We were driving home to Kumamoto from Nagasaki when the massive earthquake brought the tsunami and the devastating nuclear disaster to Tohoku on March 11, 2011. It was naptime, and Boy slept deeply in his seat as Koun steered our little car past quiet coastal towns, scorched rice fields, country temples, vast urban landscapes, hills and valleys of vegetation on the verge of eruption. My mother was with us — her first trip to Japan — and I was four months pregnant with Girl. At 2:46 p.m. the earth broke beneath the Pacific Ocean, moving the island of Honshu 8 feet east and shifting our planet’s axis 10 inches. We felt nothing.

That evening, we started noticing the messages on e-mail and Facebook — inquiries about our safety, requests for information on the whereabouts of friends traveling in or living in Japan. One thread — about Monty Dickson — caught me. Monty had been Koun’s student at the University of Alaska, and I had met him once or twice on campus. I remembered him well because his head was shaved, like a monk, and his Japanese was impossibly good. A teacher in the JET program, he had last spoken to his fiancée by phone as he was being evacuated to City Hall from the school where he worked. “He’s very welcome to contact us,” I wrote to someone, and gave our telephone number. I could only imagine him to be safe.

It was a day or two before we really began to comprehend the Internet reports of the triple disaster. We read that in Honshu, the U.S. Embassy was chartering flights for Americans to leave the country. We began to wonder if we should leave, too.

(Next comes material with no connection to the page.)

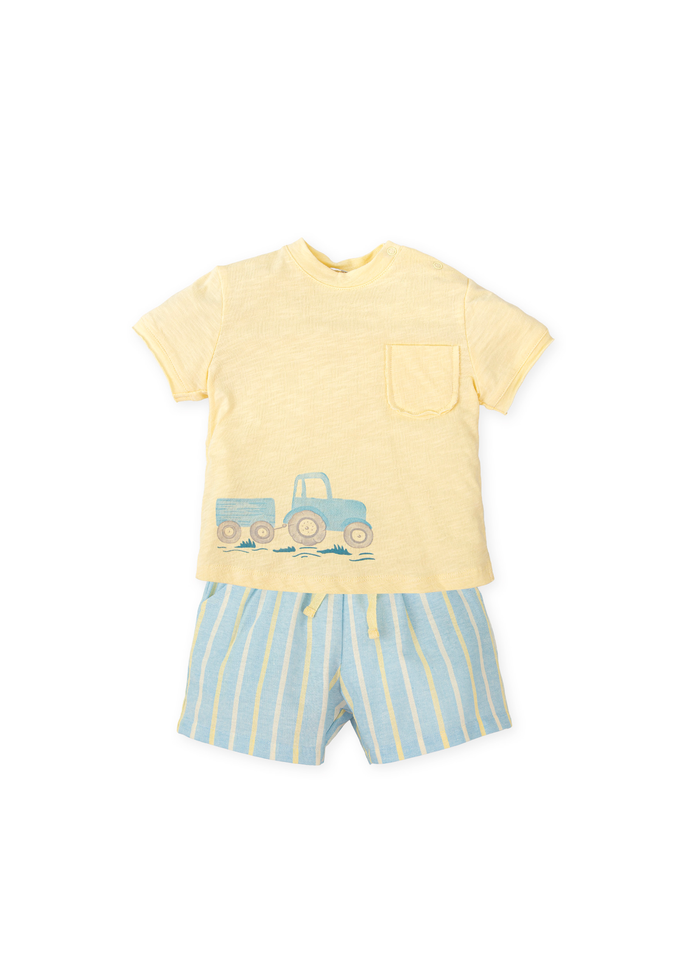Conjunto camiseta tractor y bermuda rayas azul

I went to work to plan my classes for the upcoming school year, but instead sat for hours watching the foreign news in the university student lounge. The images were devastating— a great tide of water lifting bodies, cars, fishing boats, roofs of houses; and the battered reactors of Fukushima venting clouds of poison into the air. Officials bowed and apologized. I sat in the lounge on a hard chair, rubbing my belly, my back aching, thinking of Boy, and of our unborn child.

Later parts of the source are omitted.